Each line in the material below, starting at the one with "2161 Scout Ridge" and ending at the one with "A picture of", is to be reproduced exactly; no picture is to be copied.

::: RECORDS SHOWN :::

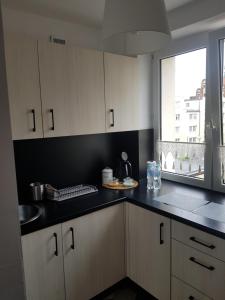 马尔堡Apartament Przy Ratuszu的厨房配有白色橱柜和黑色台面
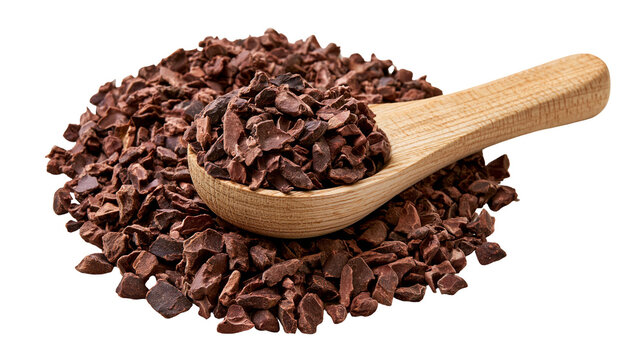 Raw organic cacao nibs in a wooden spoon on a pile of crushed cocoa beans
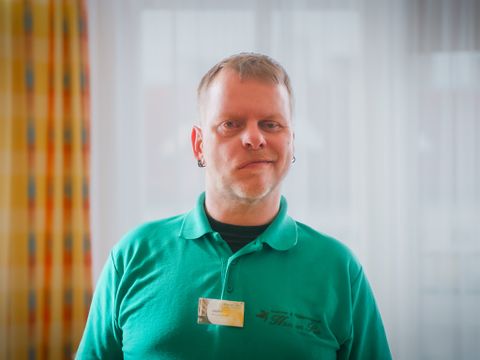 Portrait von Andre in Berufskleidung.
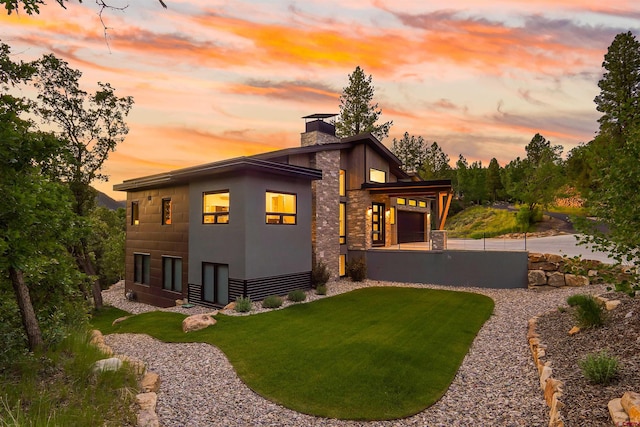 2161 Scout Ridge Rd, Durango, CO 81301 - back of property featuring a chimney, a yard, and stone siding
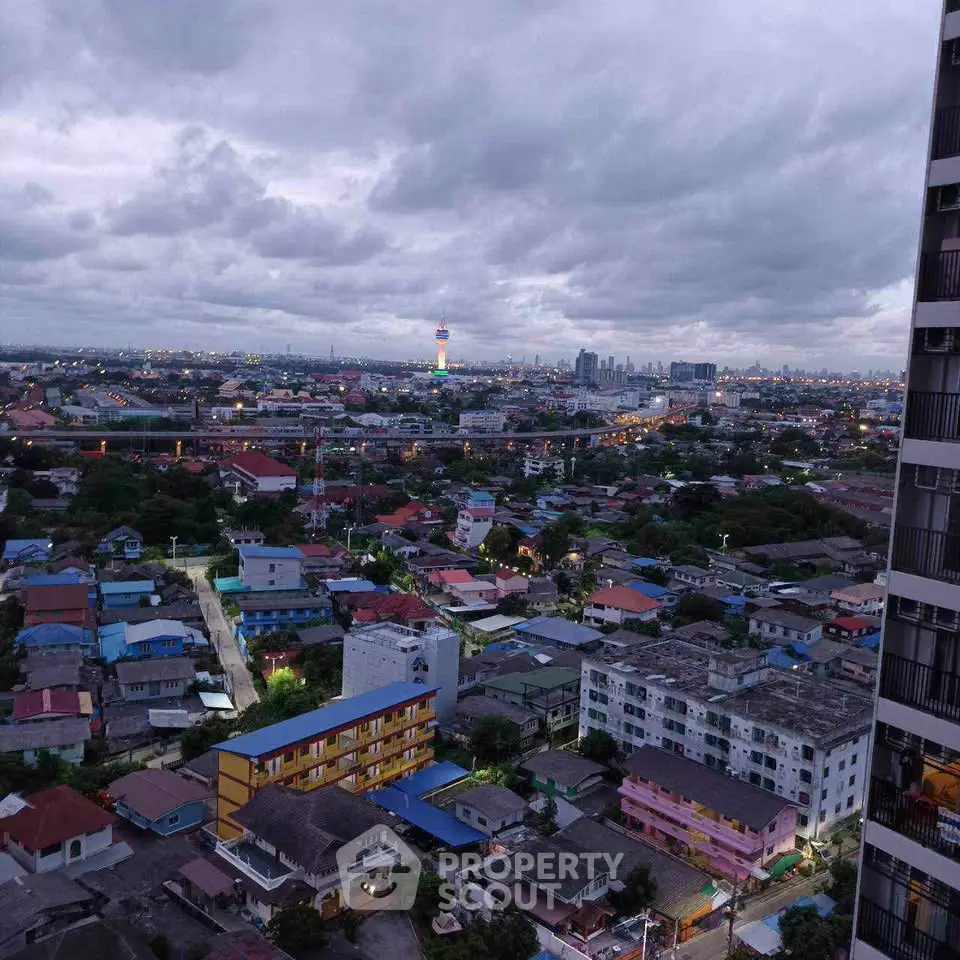 Stunning cityscape view from high-rise building at dusk with vibrant skyline.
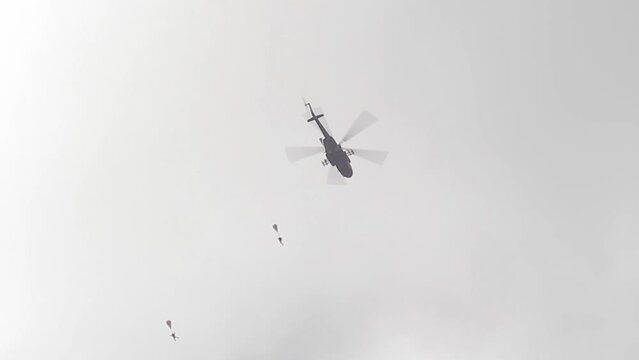 A Russian military helicopter dropping a parachute landing.
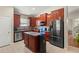 Spacious kitchen featuring an island, stainless steel appliances, and lots of cabinet storage at 12055 Colony Lakes Blvd, New Port Richey, FL 34654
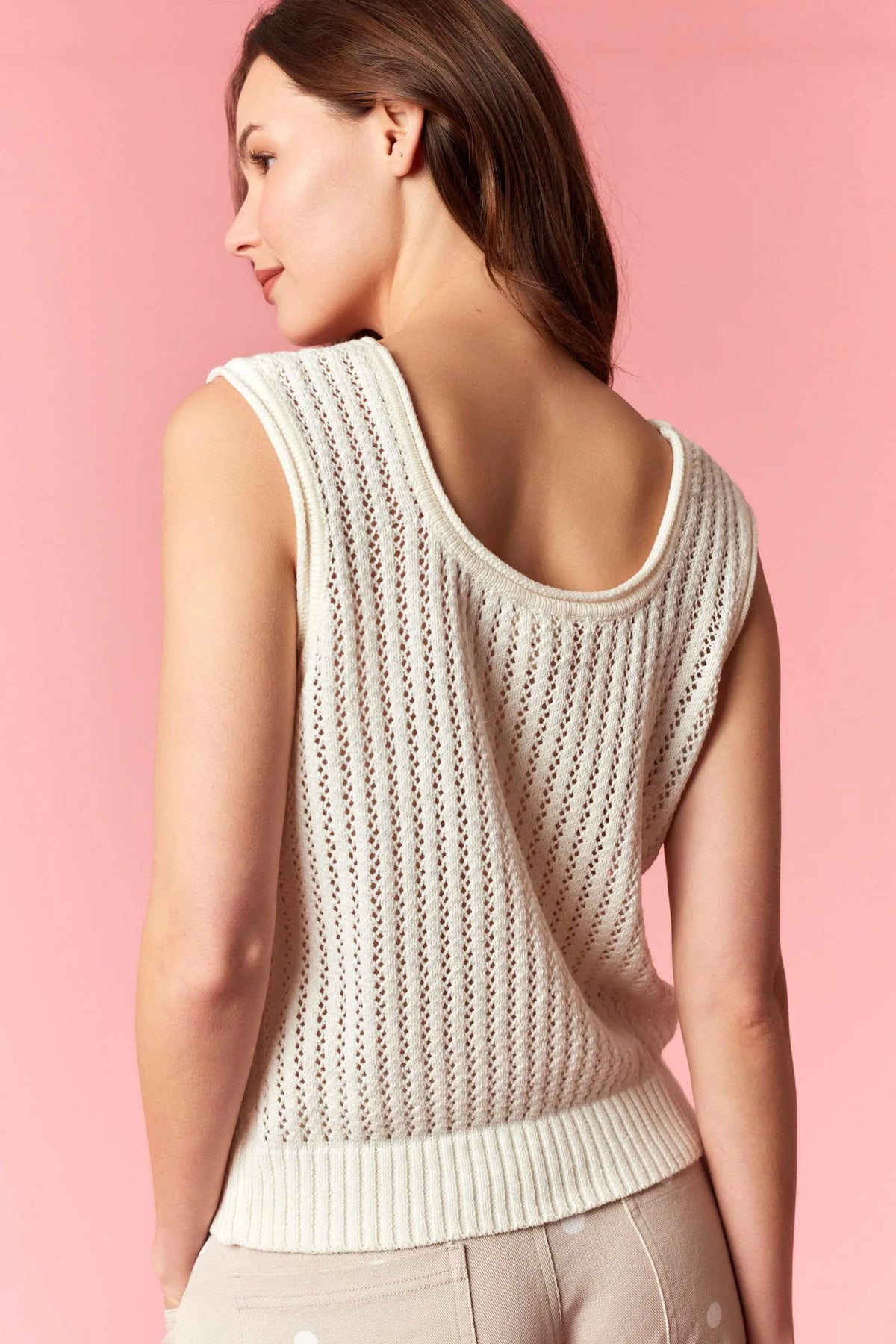 A cream-colored sleeveless america pointelle knit top with ribbed hem and back neckline shown from the back side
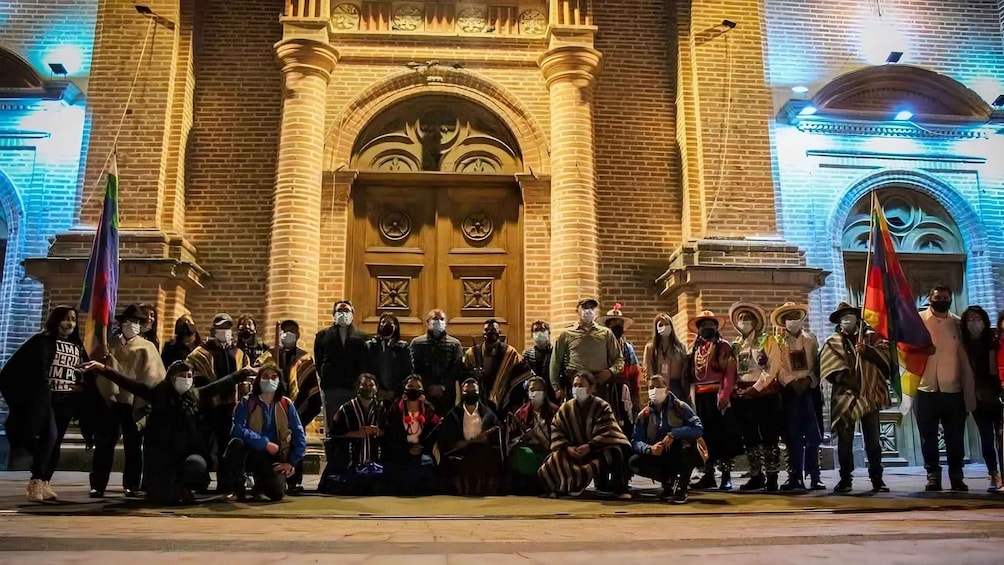 A group of people gathered in front of a historic building with ornate architecture. 1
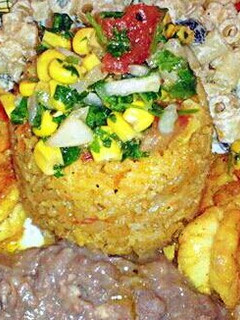 A picture of Grilled Shrimp & Rice with A Corn Pico De Gallo.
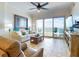 Light-filled living area featuring stylish furnishings, tile flooring, and sliding doors to the balcony with ocean views at 1705 S Atlantic Ave # 402, New Smyrna Beach, FL 32169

:::

REPLY:
 2161 Scout Ridge Rd, Durango, CO 81301 - back of property featuring a chimney, a yard, and stone siding
 Stunning cityscape view from high-rise building at dusk with vibrant skyline.
 A Russian military helicopter dropping a parachute landing.
 Spacious kitchen featuring an island, stainless steel appliances, and lots of cabinet storage at 12055 Colony Lakes Blvd, New Port Richey, FL 34654
 A cream-colored sleeveless america pointelle knit top with ribbed hem and back neckline shown from the back side
 A group of people gathered in front of a historic building with ornate architecture. 1
 A picture of Grilled Shrimp & Rice with A Corn Pico De Gallo.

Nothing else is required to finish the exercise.